Eine Vortrags- und Mitmachveranstaltung plant Hase in Kürze mit Lucy Saunders, die mit Healthy Streets eine Initiative für menschenfreundliche Innenstädte ins Leben gerufen hat. „Ich bin in der Veloplan auf die Verkehrs- und Gesundheitsaktivistin gestoßen, und dachte mir: ‚Die ist klasse.‘“ Und so will Hase die Frau, die sich derzeit um die verkehrspolitische Lage in London kümmert, für einen öffentlichen Workshop nach Waltrop einladen. Kontakte sind geknüpft, das Konzept wird noch ausgearbeitet. Vielleicht wird das Event mit der bekannten Aktivistin parallel zu einem Händler-Workshop stattfinden, sodass auch diese Hase-Partner davon profitieren. „Viele unserer Händler und Händlerinnen sind fahrradpolitisch sehr engagiert.“ So nutzt man den Heimvorteil auch: Platz ist vorhanden, dank neuer Produktionshalle jetzt auch wettergeschützt, und auch hier zählen die vielen Erfahrungen, die man schon mit der Durchführung von Events gemacht hat.

„Wir haben schon früh damit angefangen, die Leute nicht nur für unsere Räder, sondern für das Fahrrad im Alltagsverkehr ganz allgemein zu sensibilisieren“

Kirsten Hase, Marketingchefin des Spezialrad-Herstellers Hase Bikes

Klassiker Fahrraddemo

Kirsten Hase und ihr Ehemann, Firmengründer Marec Hase, fanden auch mit den Grünen in ihrer Stadt einen Veranstaltungspartner. „Die Partei ist sehr offen für Aktionen, die den regionalen Radverkehr stützen und auf fehlende oder marode Infrastruktur aufmerksam machen“, sagt Kirsten Kase. „Und wir standen den Grünen politisch schon immer nahe.“ So führte man in diesem und im letzten Jahr vor Ort bereits zwei Fahrraddemos gemeinsam durch, die auf fehlende und schadhafte Fahrrad-Infrastruktur hinwiesen.

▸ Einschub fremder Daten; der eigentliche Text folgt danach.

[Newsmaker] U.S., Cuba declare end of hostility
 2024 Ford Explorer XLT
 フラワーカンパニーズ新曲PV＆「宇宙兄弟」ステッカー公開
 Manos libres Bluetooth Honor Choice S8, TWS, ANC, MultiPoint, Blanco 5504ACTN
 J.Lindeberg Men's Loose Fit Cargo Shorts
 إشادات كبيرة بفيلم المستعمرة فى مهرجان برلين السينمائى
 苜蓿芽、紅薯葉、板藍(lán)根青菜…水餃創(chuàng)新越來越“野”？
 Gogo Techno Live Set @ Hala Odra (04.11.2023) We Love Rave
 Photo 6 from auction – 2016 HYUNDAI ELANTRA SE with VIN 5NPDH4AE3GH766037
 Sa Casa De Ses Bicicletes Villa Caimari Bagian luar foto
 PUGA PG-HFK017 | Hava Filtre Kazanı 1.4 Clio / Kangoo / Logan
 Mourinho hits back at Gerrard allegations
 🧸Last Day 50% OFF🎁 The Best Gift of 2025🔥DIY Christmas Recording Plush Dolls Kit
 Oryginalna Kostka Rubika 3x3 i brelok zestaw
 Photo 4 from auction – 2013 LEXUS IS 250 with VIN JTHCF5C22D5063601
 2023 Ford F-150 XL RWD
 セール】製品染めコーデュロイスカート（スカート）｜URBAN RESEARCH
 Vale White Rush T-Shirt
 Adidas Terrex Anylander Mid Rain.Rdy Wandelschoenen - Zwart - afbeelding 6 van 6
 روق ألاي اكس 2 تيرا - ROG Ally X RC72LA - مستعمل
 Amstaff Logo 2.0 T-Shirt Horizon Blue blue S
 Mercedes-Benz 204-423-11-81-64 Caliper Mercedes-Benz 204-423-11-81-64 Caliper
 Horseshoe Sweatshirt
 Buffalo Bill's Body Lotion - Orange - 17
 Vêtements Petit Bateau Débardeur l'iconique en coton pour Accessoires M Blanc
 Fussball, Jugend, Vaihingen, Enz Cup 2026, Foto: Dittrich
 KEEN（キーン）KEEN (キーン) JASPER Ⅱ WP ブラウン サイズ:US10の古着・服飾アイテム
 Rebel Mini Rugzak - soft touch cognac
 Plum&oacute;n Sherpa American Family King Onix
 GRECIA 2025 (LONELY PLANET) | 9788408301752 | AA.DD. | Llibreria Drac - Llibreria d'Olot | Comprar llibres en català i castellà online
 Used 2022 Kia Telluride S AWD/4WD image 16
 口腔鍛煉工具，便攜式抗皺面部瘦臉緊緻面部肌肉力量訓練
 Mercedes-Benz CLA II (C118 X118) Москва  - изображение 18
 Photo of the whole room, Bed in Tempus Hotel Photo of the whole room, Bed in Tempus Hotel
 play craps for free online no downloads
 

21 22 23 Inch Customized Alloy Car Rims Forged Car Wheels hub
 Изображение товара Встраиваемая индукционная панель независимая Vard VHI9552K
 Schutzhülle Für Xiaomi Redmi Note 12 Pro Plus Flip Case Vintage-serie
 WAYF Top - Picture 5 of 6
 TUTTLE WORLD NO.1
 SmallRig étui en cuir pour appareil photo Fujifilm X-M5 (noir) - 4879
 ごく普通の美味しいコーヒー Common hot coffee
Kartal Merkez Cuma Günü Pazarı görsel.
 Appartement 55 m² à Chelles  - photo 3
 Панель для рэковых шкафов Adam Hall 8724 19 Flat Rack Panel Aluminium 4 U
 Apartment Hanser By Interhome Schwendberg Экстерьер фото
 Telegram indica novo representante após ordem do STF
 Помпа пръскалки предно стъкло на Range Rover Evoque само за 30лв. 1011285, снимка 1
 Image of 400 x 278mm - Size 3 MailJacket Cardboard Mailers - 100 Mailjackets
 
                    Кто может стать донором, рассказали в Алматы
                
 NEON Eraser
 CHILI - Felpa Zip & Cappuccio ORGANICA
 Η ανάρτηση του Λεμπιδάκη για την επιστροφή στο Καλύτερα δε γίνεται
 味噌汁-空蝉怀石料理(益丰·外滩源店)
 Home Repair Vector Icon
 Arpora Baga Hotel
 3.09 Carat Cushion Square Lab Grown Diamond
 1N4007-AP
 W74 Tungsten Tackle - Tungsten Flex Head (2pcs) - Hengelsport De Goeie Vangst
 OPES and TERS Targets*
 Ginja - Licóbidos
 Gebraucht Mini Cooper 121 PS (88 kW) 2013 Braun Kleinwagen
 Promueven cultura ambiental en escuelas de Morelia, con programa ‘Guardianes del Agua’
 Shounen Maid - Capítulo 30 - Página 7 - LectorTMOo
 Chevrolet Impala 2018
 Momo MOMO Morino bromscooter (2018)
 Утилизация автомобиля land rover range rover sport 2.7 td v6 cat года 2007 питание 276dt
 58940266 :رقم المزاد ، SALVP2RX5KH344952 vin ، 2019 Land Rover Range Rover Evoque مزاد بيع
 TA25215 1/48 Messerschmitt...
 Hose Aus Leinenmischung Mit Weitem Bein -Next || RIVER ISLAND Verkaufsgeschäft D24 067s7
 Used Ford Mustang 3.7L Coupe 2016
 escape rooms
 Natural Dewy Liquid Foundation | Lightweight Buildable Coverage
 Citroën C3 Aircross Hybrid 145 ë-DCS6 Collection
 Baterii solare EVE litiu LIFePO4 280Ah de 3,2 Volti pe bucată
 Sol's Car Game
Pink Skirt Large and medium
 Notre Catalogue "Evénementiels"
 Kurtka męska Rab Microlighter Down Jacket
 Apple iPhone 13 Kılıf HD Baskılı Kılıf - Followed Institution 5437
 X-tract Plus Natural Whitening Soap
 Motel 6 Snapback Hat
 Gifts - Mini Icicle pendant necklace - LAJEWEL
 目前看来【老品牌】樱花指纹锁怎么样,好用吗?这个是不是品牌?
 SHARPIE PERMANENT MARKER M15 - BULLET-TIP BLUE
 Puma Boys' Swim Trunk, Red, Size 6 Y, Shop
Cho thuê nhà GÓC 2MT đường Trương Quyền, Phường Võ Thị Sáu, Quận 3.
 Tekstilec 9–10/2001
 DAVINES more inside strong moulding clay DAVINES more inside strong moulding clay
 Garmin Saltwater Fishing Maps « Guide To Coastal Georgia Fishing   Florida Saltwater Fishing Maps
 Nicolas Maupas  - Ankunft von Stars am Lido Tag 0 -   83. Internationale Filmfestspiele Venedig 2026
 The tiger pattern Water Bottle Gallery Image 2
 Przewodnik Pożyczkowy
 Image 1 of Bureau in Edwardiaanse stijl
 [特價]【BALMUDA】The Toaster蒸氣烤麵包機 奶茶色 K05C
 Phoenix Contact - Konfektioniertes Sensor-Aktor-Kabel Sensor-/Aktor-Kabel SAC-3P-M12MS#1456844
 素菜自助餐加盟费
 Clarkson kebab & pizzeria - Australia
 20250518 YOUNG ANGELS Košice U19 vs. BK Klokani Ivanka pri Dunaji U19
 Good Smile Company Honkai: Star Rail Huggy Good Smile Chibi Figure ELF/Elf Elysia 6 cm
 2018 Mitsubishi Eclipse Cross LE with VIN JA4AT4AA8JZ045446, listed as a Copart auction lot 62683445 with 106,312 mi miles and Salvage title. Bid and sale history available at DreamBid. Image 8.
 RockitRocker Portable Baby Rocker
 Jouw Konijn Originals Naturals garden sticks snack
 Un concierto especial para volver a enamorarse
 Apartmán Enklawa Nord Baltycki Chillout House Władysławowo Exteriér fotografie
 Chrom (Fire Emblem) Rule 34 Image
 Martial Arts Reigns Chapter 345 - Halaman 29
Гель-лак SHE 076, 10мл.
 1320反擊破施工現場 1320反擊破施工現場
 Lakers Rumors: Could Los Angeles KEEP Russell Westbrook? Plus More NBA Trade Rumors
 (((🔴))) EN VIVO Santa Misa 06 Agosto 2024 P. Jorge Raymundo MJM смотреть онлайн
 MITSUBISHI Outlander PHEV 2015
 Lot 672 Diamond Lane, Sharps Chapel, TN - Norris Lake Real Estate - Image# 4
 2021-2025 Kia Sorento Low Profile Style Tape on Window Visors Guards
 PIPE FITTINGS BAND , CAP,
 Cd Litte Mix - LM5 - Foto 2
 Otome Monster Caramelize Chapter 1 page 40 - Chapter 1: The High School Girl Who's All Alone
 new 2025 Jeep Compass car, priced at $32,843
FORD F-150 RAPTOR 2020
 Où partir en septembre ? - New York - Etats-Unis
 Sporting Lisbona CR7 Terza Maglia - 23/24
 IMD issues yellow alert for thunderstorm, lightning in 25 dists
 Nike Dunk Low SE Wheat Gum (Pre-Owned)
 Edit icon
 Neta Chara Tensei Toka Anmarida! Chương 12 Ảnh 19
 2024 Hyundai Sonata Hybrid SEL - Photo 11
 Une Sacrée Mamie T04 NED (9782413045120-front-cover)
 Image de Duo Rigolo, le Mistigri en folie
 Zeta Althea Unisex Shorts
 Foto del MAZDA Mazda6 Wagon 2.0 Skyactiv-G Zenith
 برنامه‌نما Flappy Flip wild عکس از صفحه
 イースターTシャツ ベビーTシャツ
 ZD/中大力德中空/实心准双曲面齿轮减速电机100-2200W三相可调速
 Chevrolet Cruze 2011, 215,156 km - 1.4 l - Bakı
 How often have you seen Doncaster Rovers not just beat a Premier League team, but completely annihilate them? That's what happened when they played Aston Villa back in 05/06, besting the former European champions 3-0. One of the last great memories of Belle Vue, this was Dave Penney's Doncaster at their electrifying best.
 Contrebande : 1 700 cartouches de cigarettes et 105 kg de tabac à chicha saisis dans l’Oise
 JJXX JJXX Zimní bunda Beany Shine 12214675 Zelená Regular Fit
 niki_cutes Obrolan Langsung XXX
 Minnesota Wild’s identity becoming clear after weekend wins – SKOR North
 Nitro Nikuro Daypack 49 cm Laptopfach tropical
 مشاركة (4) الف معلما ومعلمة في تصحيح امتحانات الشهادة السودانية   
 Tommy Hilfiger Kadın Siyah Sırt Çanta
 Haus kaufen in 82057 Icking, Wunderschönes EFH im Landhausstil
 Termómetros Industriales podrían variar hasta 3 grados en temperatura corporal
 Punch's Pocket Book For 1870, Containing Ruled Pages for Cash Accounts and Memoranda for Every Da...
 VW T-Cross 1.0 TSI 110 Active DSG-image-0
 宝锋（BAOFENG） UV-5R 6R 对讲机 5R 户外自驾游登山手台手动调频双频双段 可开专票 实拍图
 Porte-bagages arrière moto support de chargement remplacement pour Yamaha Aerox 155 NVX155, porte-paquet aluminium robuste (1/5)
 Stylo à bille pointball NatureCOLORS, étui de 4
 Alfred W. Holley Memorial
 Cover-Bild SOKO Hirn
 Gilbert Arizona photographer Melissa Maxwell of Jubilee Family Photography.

Dabei hat Hase Bikes weitgehend die Organisation übernommen. „Die Grünen stecken in so vielen anderen Dinge, dass sie froh sind, wenn die Orga über uns läuft. Für uns ist das keine so große Sache“, sagt Kristen Hase, die mit ihrem Marketingteam schon viele Events ans Laufen gebracht hat. Mit der Partei ist ein politisch zugkräftiger Partner an Bord, der potenziell Teilnehmenden demonstriert: Es geht hier nicht einfach um eine Werbeveranstaltung eines Unternehmens. Dass die auffälligen Spezialräder der Waltroper im Demo-Konvoi besonderes Interesse erregen und Fragen provozieren, ist natürlich trotzdem schön für den Veranstalter.